According to the respondents:
Number One factor considered when choosing an Agent? Lowest Commission.
Last reason? Most knowledgeable.
You'd best start putting your knowledge out there if you hope to attract a client...get a blogsite that rocks, start dropping neighborhood knowledge, get a killer IDX solution...substantiate your value!! The days of being a prude with your listings and expertise until you had an executed contract are over.
I can find out more than you know.
~70% of respondents polled on 'Information from The Internet vs Information from Agent' indicated that the Net provided information that was as useful, 'different' or more useful than an Agent. I can only surmise that 'different' means information an agent couldn't or simply didn't provide. In the Age of Information, lack thereof is akin to being useless.

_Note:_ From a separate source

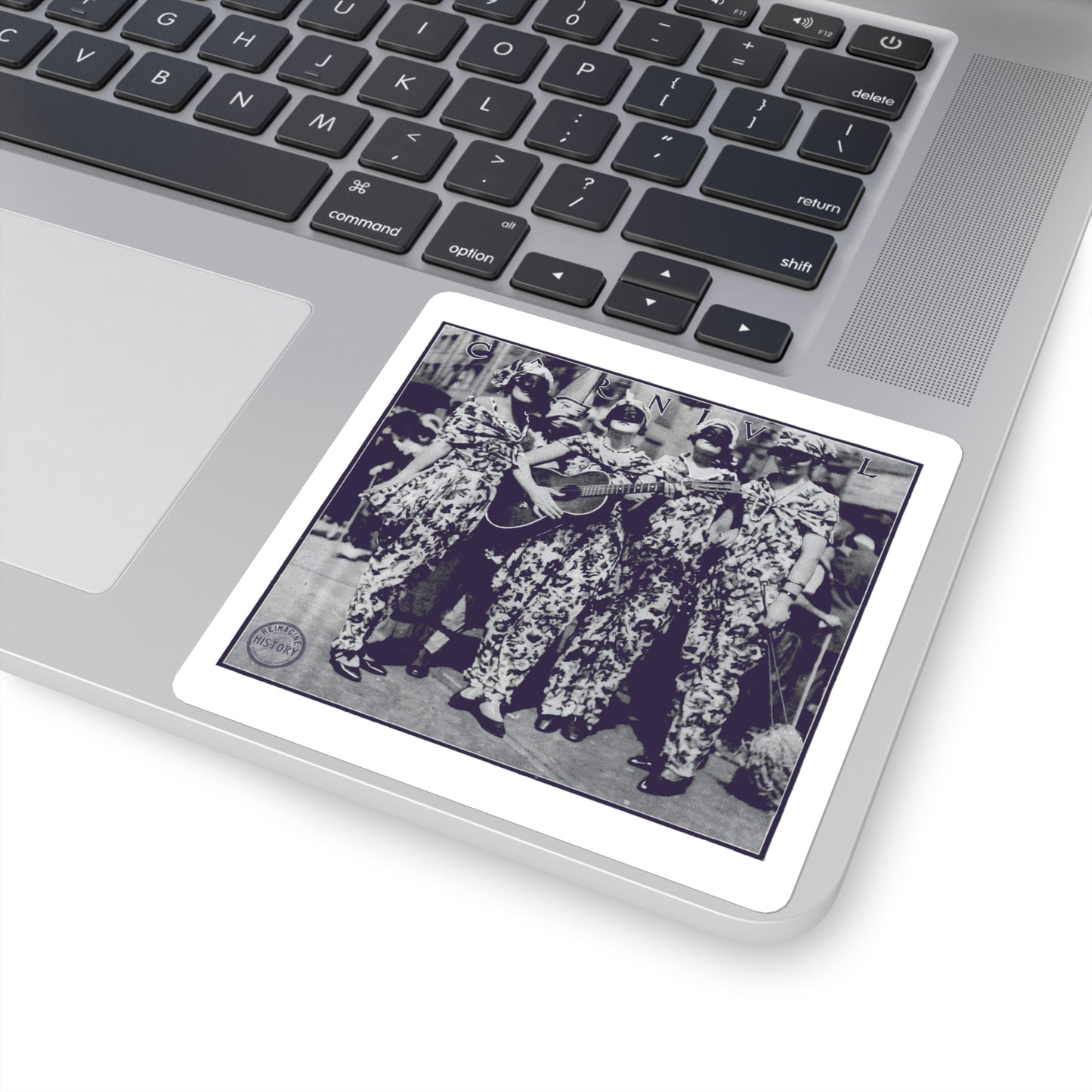 Guitar Bandits Square Sticker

The ~31% that said The Net provided less useful information than an Agent are part of a 50% declining trend over the past 5 years.
You're still (a) very necessary (evil?).
~95% of respondent sellers still used an agent, which makes perfect sense. I often state that: While technology won't replace a good real estate Agent, the Agent that properly utilizes technology will replace Agent that doesn't.
Consider- 74% of 1st time respondent sellers considered not using an Agent, up 46% from 2007.
You can't market your way out of a brown paper bag.
Of the reasons given for using an Agent only 7% said it was for 'Better Marketing Exposure'. Ummm, isn't this what an Agent's core value proposition is supposed to be, to market property? Consumers clearly do not believe Agents can effectively market their property...yet online and offline marketing is the 1st and 3rd highest reason for choosing an Agent. This is a huge disconnect and opportunity at the same time.
84% of respondent sellers are searching online and 96% Agents polled use print advertising. Helllllooo!?! Can you say poor ROI, waste of money? Newspapers and other print media are going out of business because less and less people read them. Advertising in these dinosaurs is of almost no value going forward.
Only 57% of agents use multiple photos or a virtual tour as part of an online home listing. This just blows my mind. I'd guess that 50% of the 57% that actually use multiple photos look (kinda) like these:
Proper Feng Shui can do wonders for a small space.
Extra long chain for convenient access to light.
Sweet shower curtain stays with home!
Thanks to MLS Trash Can for the pictures. Descriptions by me.
Seriously, an agent who can't manage to market a property with quality photographs should have their license suspended on principle alone.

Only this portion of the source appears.